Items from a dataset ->

# # # # # # #

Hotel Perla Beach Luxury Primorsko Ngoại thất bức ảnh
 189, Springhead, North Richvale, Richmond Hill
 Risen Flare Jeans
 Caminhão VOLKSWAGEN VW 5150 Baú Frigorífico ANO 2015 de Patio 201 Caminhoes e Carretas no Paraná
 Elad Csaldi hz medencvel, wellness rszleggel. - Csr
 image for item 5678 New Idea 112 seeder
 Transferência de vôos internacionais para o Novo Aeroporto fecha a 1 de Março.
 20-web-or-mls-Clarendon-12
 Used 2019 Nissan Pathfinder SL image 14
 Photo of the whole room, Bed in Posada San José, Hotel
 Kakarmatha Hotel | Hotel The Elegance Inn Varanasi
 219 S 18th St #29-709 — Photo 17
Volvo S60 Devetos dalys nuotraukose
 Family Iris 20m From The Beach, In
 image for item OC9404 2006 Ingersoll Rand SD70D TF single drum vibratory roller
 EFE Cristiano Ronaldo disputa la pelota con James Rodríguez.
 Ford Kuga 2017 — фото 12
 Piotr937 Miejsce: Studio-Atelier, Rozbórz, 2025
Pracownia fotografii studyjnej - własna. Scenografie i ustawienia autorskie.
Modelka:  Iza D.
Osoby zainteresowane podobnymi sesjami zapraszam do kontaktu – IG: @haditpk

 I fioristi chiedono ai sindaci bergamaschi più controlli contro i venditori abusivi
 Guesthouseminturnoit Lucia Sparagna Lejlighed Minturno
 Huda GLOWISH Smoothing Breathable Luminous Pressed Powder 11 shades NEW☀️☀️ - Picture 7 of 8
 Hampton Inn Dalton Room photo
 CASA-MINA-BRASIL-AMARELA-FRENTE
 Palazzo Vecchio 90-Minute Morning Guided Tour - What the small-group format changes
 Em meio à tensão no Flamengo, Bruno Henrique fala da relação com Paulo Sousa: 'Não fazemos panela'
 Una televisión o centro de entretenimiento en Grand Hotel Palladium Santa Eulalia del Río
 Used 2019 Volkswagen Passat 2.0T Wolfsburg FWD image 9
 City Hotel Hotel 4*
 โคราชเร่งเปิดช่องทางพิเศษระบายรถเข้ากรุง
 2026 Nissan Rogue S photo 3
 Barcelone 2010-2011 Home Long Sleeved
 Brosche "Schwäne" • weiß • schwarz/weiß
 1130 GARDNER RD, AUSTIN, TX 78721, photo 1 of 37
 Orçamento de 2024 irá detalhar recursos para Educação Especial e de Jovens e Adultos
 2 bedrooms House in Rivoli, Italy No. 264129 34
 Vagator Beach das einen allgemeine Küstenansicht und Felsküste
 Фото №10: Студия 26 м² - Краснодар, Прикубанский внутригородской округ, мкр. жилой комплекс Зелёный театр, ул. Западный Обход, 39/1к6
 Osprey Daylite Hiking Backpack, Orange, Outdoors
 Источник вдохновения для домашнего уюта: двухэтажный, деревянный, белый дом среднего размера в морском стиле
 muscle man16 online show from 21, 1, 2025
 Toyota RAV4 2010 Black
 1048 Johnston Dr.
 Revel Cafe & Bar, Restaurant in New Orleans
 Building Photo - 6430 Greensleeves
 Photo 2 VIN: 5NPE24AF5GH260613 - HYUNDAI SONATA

# # # # # # #

Transcribe the data above completely and exactly.

FINAL ANSWER ->
Hotel Perla Beach Luxury Primorsko Ngoại thất bức ảnh
 189, Springhead, North Richvale, Richmond Hill
 Risen Flare Jeans
 Caminhão VOLKSWAGEN VW 5150 Baú Frigorífico ANO 2015 de Patio 201 Caminhoes e Carretas no Paraná
 Elad Csaldi hz medencvel, wellness rszleggel. - Csr
 image for item 5678 New Idea 112 seeder
 Transferência de vôos internacionais para o Novo Aeroporto fecha a 1 de Março.
 20-web-or-mls-Clarendon-12
 Used 2019 Nissan Pathfinder SL image 14
 Photo of the whole room, Bed in Posada San José, Hotel
 Kakarmatha Hotel | Hotel The Elegance Inn Varanasi
 219 S 18th St #29-709 — Photo 17
Volvo S60 Devetos dalys nuotraukose
 Family Iris 20m From The Beach, In
 image for item OC9404 2006 Ingersoll Rand SD70D TF single drum vibratory roller
 EFE Cristiano Ronaldo disputa la pelota con James Rodríguez.
 Ford Kuga 2017 — фото 12
 Piotr937 Miejsce: Studio-Atelier, Rozbórz, 2025
Pracownia fotografii studyjnej - własna. Scenografie i ustawienia autorskie.
Modelka:  Iza D.
Osoby zainteresowane podobnymi sesjami zapraszam do kontaktu – IG: @haditpk

 I fioristi chiedono ai sindaci bergamaschi più controlli contro i venditori abusivi
 Guesthouseminturnoit Lucia Sparagna Lejlighed Minturno
 Huda GLOWISH Smoothing Breathable Luminous Pressed Powder 11 shades NEW☀️☀️ - Picture 7 of 8
 Hampton Inn Dalton Room photo
 CASA-MINA-BRASIL-AMARELA-FRENTE
 Palazzo Vecchio 90-Minute Morning Guided Tour - What the small-group format changes
 Em meio à tensão no Flamengo, Bruno Henrique fala da relação com Paulo Sousa: 'Não fazemos panela'
 Una televisión o centro de entretenimiento en Grand Hotel Palladium Santa Eulalia del Río
 Used 2019 Volkswagen Passat 2.0T Wolfsburg FWD image 9
 City Hotel Hotel 4*
 โคราชเร่งเปิดช่องทางพิเศษระบายรถเข้ากรุง
 2026 Nissan Rogue S photo 3
 Barcelone 2010-2011 Home Long Sleeved
 Brosche "Schwäne" • weiß • schwarz/weiß
 1130 GARDNER RD, AUSTIN, TX 78721, photo 1 of 37
 Orçamento de 2024 irá detalhar recursos para Educação Especial e de Jovens e Adultos
 2 bedrooms House in Rivoli, Italy No. 264129 34
 Vagator Beach das einen allgemeine Küstenansicht und Felsküste
 Фото №10: Студия 26 м² - Краснодар, Прикубанский внутригородской округ, мкр. жилой комплекс Зелёный театр, ул. Западный Обход, 39/1к6
 Osprey Daylite Hiking Backpack, Orange, Outdoors
 Источник вдохновения для домашнего уюта: двухэтажный, деревянный, белый дом среднего размера в морском стиле
 muscle man16 online show from 21, 1, 2025
 Toyota RAV4 2010 Black
 1048 Johnston Dr.
 Revel Cafe & Bar, Restaurant in New Orleans
 Building Photo - 6430 Greensleeves
 Photo 2 VIN: 5NPE24AF5GH260613 - HYUNDAI SONATA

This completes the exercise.